**Your objective:**
Write each entry again exactly as shown, but without the images it holds.

Start of Block

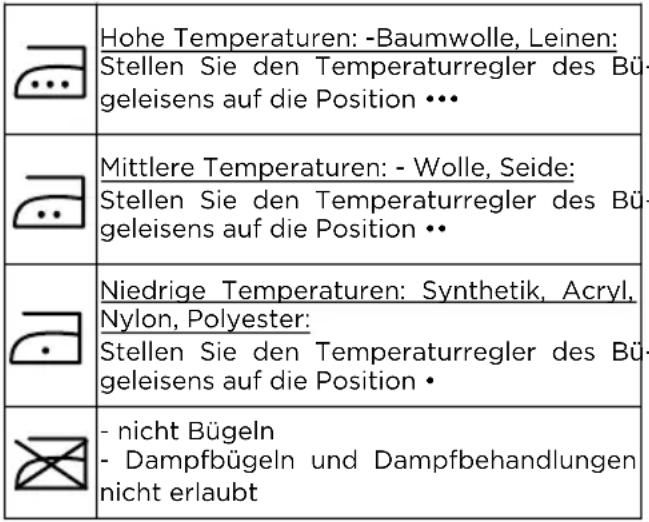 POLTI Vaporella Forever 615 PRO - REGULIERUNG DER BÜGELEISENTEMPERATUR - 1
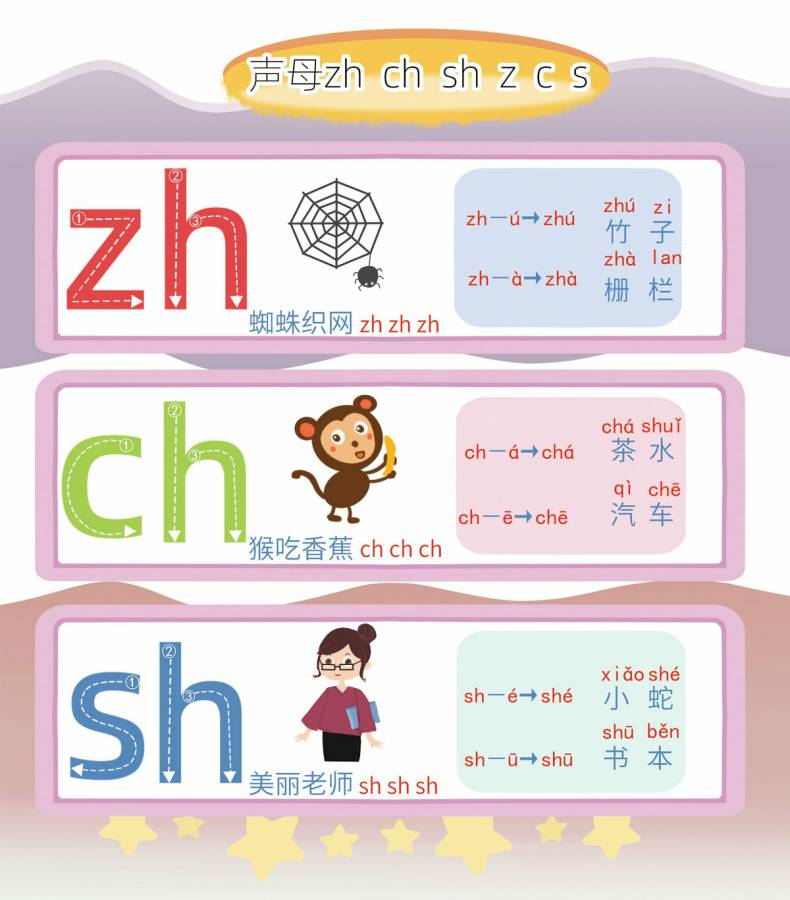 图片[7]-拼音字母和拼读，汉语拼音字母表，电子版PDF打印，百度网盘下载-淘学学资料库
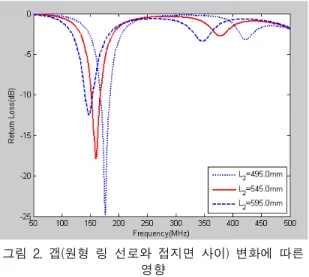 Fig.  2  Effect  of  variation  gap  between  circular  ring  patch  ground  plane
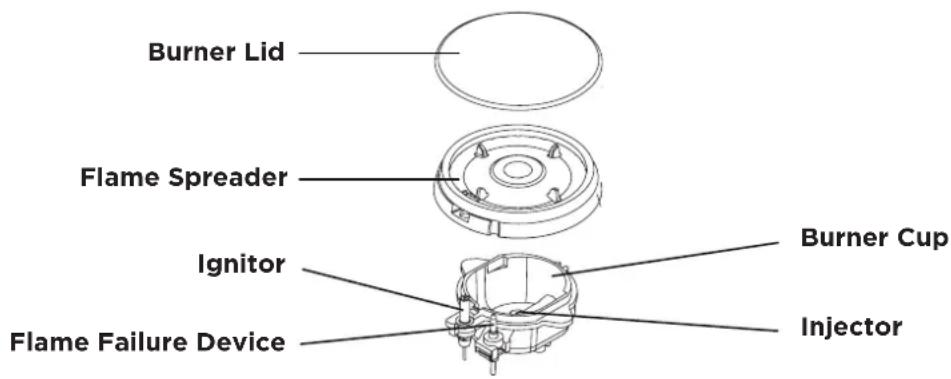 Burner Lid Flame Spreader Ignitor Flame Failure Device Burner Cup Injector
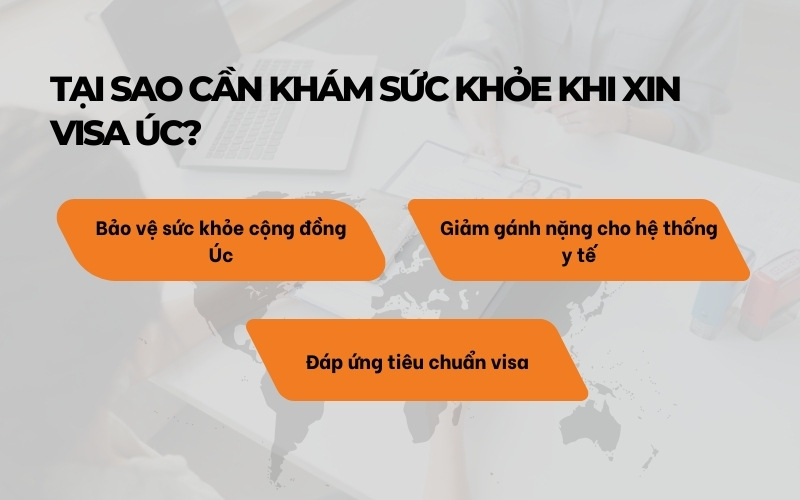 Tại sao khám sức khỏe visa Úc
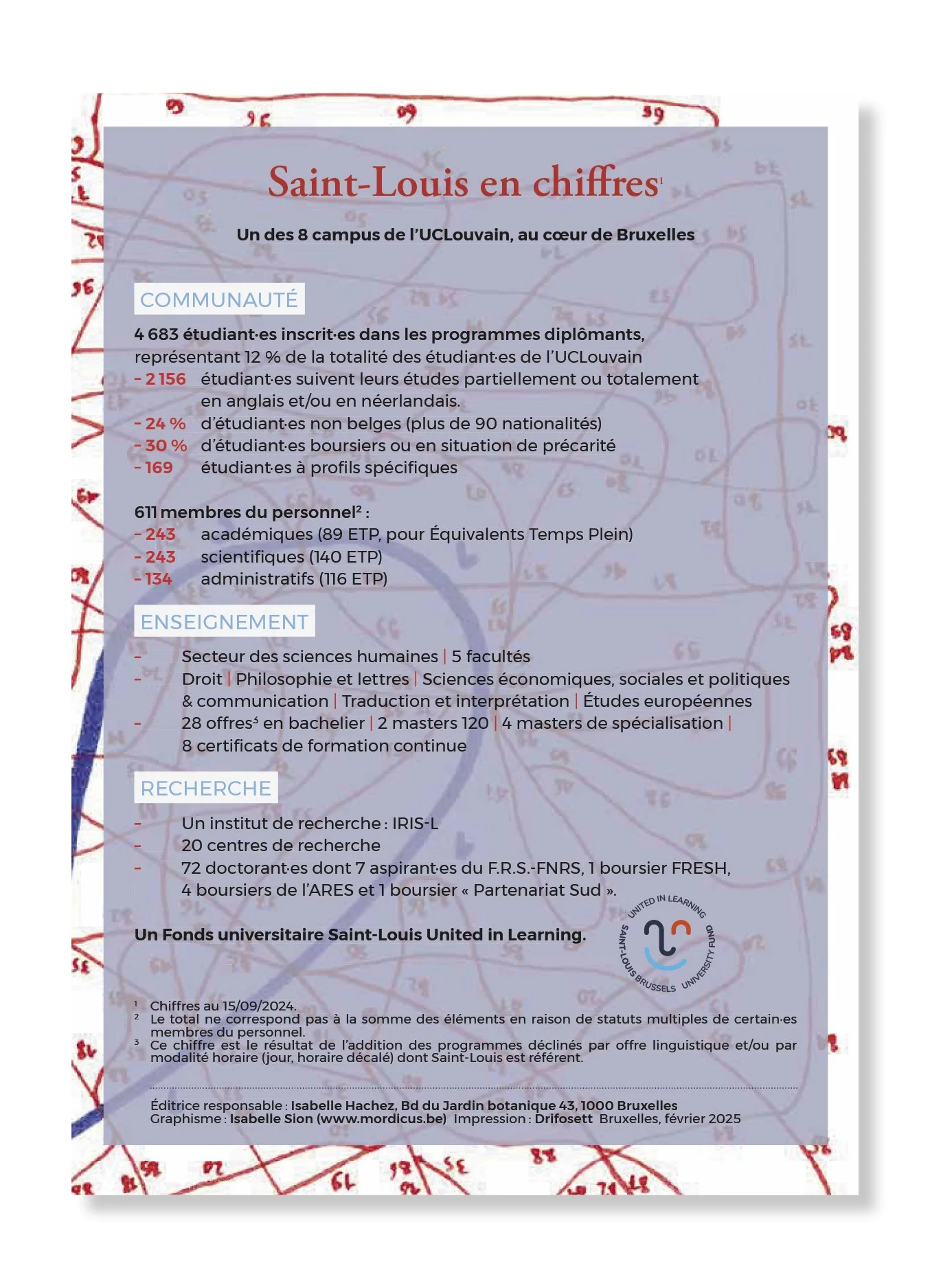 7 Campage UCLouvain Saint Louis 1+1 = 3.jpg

End of Block

**Exercise result:**
 POLTI Vaporella Forever 615 PRO - REGULIERUNG DER BÜGELEISENTEMPERATUR - 1
 图片[7]-拼音字母和拼读，汉语拼音字母表，电子版PDF打印，百度网盘下载-淘学学资料库
 Fig.  2  Effect  of  variation  gap  between  circular  ring  patch  ground  plane
 Burner Lid Flame Spreader Ignitor Flame Failure Device Burner Cup Injector
 Tại sao khám sức khỏe visa Úc
 7 Campage UCLouvain Saint Louis 1+1 = 3.jpg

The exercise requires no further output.